My data indicates that the original group was fired on June 8, 2000. I decided to shoot this same load again in the same barrel. The plan was to fire five 10-shot strings to see how the initial load compared today and how the SD and ES figures look with an increasing number of rounds fired. Would extreme velocity spread and standard deviation be close to the original test, and would they be close to the same as the number of rounds increased?

First, the results were not the same as in the original test. Charting all six 10-shot strings reveals that not only were ES and SD significantly poorer for the recent test, but velocity averaged 88 fps slower, and pressure was about 1,340 psi lower.
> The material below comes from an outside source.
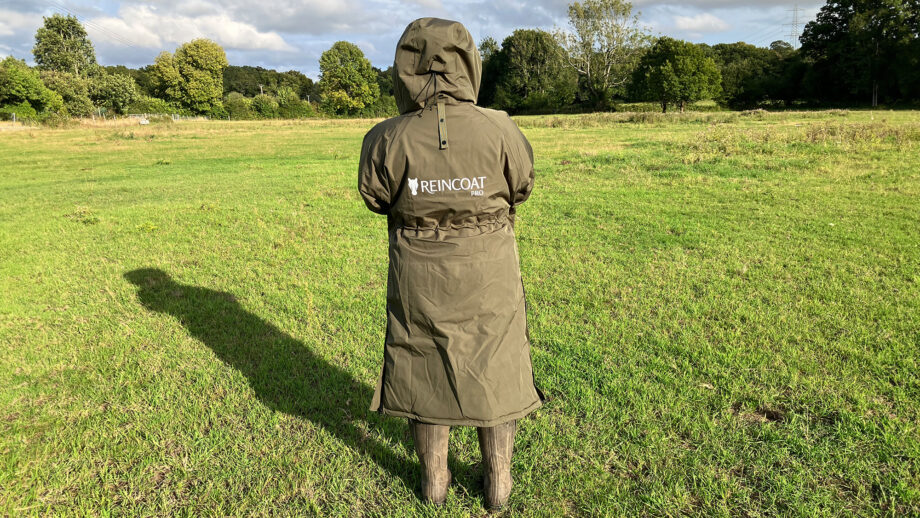 Lady wears Reincoat Pro in a field with hood up, viewed from the back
For one thing, while the components were the same, I used different lots back then. Also, records indicate that when the low SD and ES were provided back in 2000, only 212 rounds had passed through the barrel. At the start of the recent test firing, the barrel had 2,180 shots through it, and 22.61 pounds of powder as well. That is the better part of the life of a .300 Winchester Magnum barrel. All that erosion accounts for the lower pressure and velocity, and likely explains the poorer uniformity. It made sense to separate out the old test from the current 50 rounds in successive 10-shot strings.

Through the course of the shooting, the predictive SD relating to the mean velocity tends to be stable and close to its original statistical prediction regardless of the number of shots fired. Since ES encompasses the full velocity of each shot, it tends to increase with additional shots fired. If 50 shots are fired and only one abnormal round produces an excessively high or low velocity, it alters ES a lot – not so with SD.

In the end, SD and ES, while both provide a measure of uniformity, are totally different numbers and in a sense cannot be compared. To use both would be confusing, and that is a good reason why Handloader magazine has the policy of using only extreme spread when referring to velocity uniformity.

Insofar as the rarity or quality of an SD of 3, I have six of them among nearly 3,000 10-shot strings fired and recorded among all calibers. Each of these low SDs are in a different caliber. As for ES, the lowest is a 9, and there are four of them, again in four different calibers. If you have an SD of 3 or an ES of 9 fps for 10 shots in a rifle, you have a load with exceptionally uniform velocity. It is something to shoot for, a real challenge. If you have an SD less than 10 or an ES less than 35 fps, it is likely in the upper quarter of randomly assembled hunting handloads. It is worth experimenting with that combination if looking for a great load.